In my previous article, I wrote about different types of acquirers for tech companies. This time, I want to talk about the actual sale process, from receiving initial interest, going through due-diligence and closing.

Should You Hire A Broker

An M&A broker is an individual or firm that provides advisory, sale-prep and access to potential acquirers. You can think of them as realtors for companies. Similarly to realtors, they take a percentage of the transaction – typically between 3.5%-5% though the range is wider than that.

One of the first important decisions you should make as you start considering a sale, is whether to engage a sell-side broker to help you navigate the process. Like any professional services, the quality and scope of the service can differ significantly.

In my case, I already had an existing relationship with our eventual broker, Discretion Capital, through a previous investment in our company. Before deciding on the engagement, I took a call with each member of the team to get a sense for the value they bring and how compatible we are personality wise.

Here’s a range of the services our broker performed for us –

  • Providing advisory on our go-to-market strategy and timing.
  • Helping us prepare the sale prospectus, known as a CIM, a massive marketing document that covers all the details prospective buyers would need to make an offer. This included preparing financial models and accounting statements, and crafting the narrative around the value of the company.
  • Handling contacts and early negotiation with potential acquirers, then providing guidance on tended offers. Their in-depth knowledge of the process and negotiation skills increased the total value of the deal by about 30%.
  • Provided due-diligence prep and support. The due-diligence process is a grueling multi-month in-depth look into the internals of the company and its future prospects. Their help here was invaluable.
  • Helping us avoid potential pitfalls and stay prepared in case the deal falls apart during due-diligence.
  • Though in our case it ended up not being needed, they also provide access to a large network of potential acquirers.

It’s definitely possible to sell your company without a broker, but a good broker can help you maximize the outcome of the deal, as well as increase the chances of it going smoothly by a significant margin.

My personal recommendation would be to use a broker, especially if it’s your first time going through this process.
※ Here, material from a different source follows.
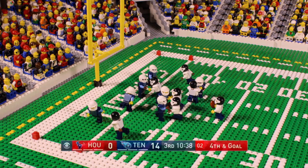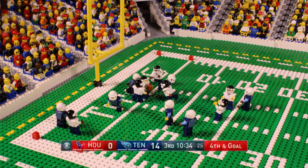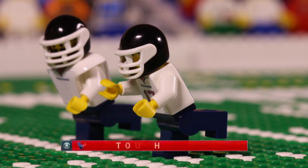Play clock is winding down to two on fourth and goal from inside the five. Middle of the field — touchdown Texans! Fedorowicz is able to slide free for the score.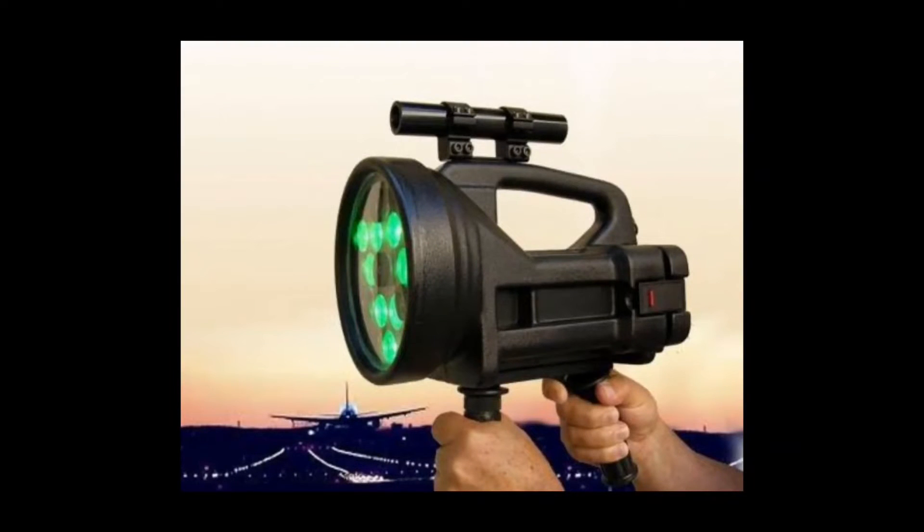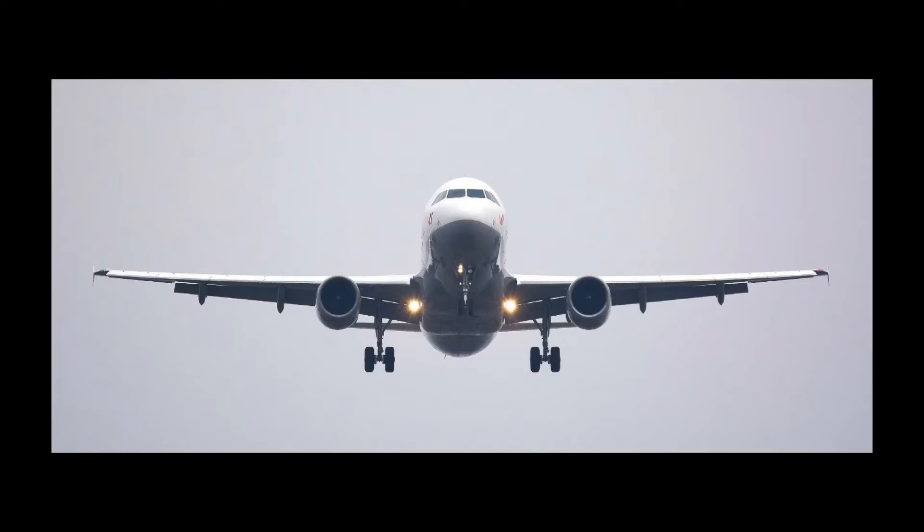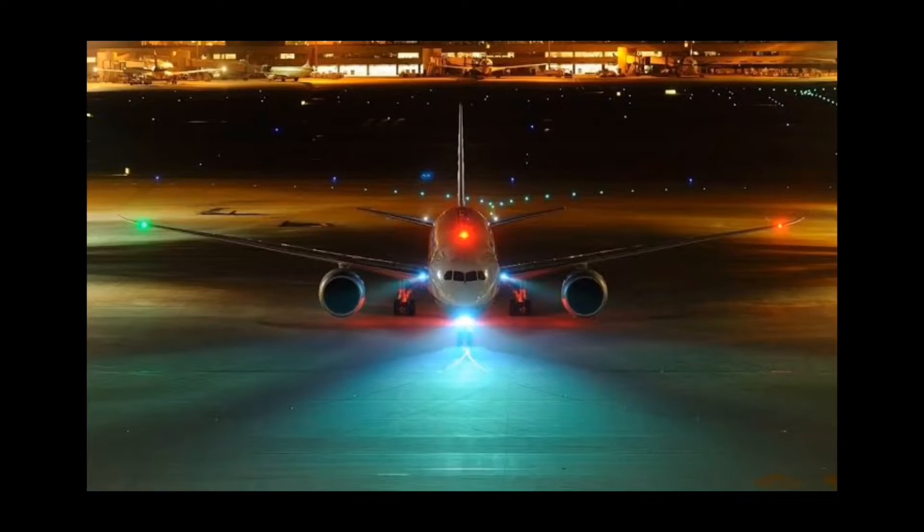The light signals sent by the Aldis lamp must be confirmed by the aircraft. A plane in the air receives a light signal by waving its wings during daylight hours. At night, by turning the landing lights off and on twice. By making a flasher landing, if it doesn't have lights, it informs by turning navigation lights on and off twice.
The LOI – Letter of Intent

When engaging potential buyers for your business, the first step to formalizing that engagement is an offer letter called a Letter of Intent (LOI).

An LOI is very similar to a term sheet, and is typically used for M&A deals. The LOI is the official (though non-binding) offer an acquirer makes to acquire your company.

The LOI details the acquisition offer, from cash-in-hand, to equity rollup, to earn-outs and much more. Once you agree to the LOI, you typically enter a time limited exclusive contract with the acquirer, during which due diligence is performed.

Due to the cost and time investment of doing the due diligence, you want to make sure all of the major concerns regarding the offer are addressed before signing the LOI. It’s imperative that you have an experienced lawyer advising you through this process, as there are many potential pitfalls here that could really hurt you post sale.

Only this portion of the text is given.